接下来，我们在com.itheima.ai.controller定义一个GameController，作为哄哄模拟器的聊天接口：

package com.itheima.ai.controller;

import com.itheima.ai.repository.ChatHistoryRepository;
import lombok.RequiredArgsConstructor;
import org.springframework.ai.chat.client.ChatClient;
import org.springframework.web.bind.annotation.RequestMapping;
import org.springframework.web.bind.annotation.RestController;
import reactor.core.publisher.Flux;

import static org.springframework.ai.chat.client.advisor.AbstractChatMemoryAdvisor.CHAT_MEMORY_CONVERSATION_ID_KEY;

@RequiredArgsConstructor
@RestController
@RequestMapping("/ai")
public class GameController {

    private final ChatClient gameChatClient;

    @RequestMapping(value = "/game", produces = "text/html;charset=utf-8")
    public Flux<String> chat(String prompt, String chatId) {
        return gameChatClient.prompt()
                .user(prompt)
                .advisors(a -> a.param(CHAT_MEMORY_CONVERSATION_ID_KEY, chatId))
                .stream()
                .content();
    }
}

OK，基于纯Prompt模式开发的一款小游戏就完成了。

Function Calling（智能客服）

由于AI擅长的是非结构化数据的分析，如果需求中包含严格的逻辑校验或需要读写数据库，纯Prompt模式就难以实现了。

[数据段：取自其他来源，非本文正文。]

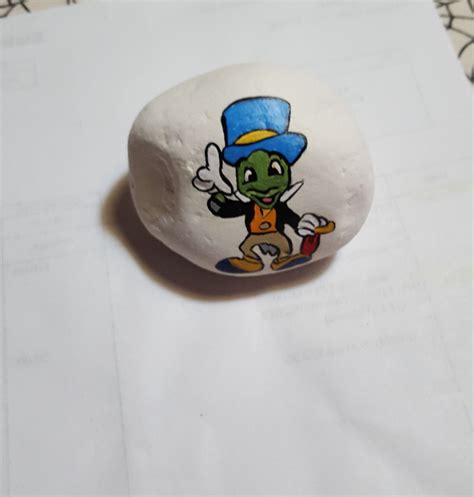 Disney Jiminey Cricket Pinocchio Painted Rock Painted Rocks Pebble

接下来我们会通过智能客服的案例来学习FunctionCalling

思路分析

假如我要开发一个24小时在线的AI智能客服，可以给用户提供黑马的培训课程咨询服务，帮用户预约线下课程试听。

整个业务的流程如图：

这里就涉及到了很多数据库操作，比如：

查询课程信息
查询校区信息
新增课程试听预约单

可以看出整个业务流程有一部分任务是负责与用户沟通，获取用户意图的，这些是大模型擅长的事情：

大模型的任务：
- 了解、分析用户的兴趣、学历等信息
- 给用户推荐课程
- 引导用户预约试听
- 引导学生留下联系方式

还有一些任务是需要操作数据库的，这些任务是传统的Java程序擅长的：

传统应用需要完成的任务：
- 根据条件查询课程
- 查询校区信息
- 新增预约单

与用户对话并理解用户意图是AI擅长的，数据库操作是Java擅长的。为了能实现智能客服功能，我们就需要结合两者的能力。

Function Calling就是起到这样的作用。

首先，我们可以把数据库的操作都定义成Function，或者也可以叫Tool，也就是工具。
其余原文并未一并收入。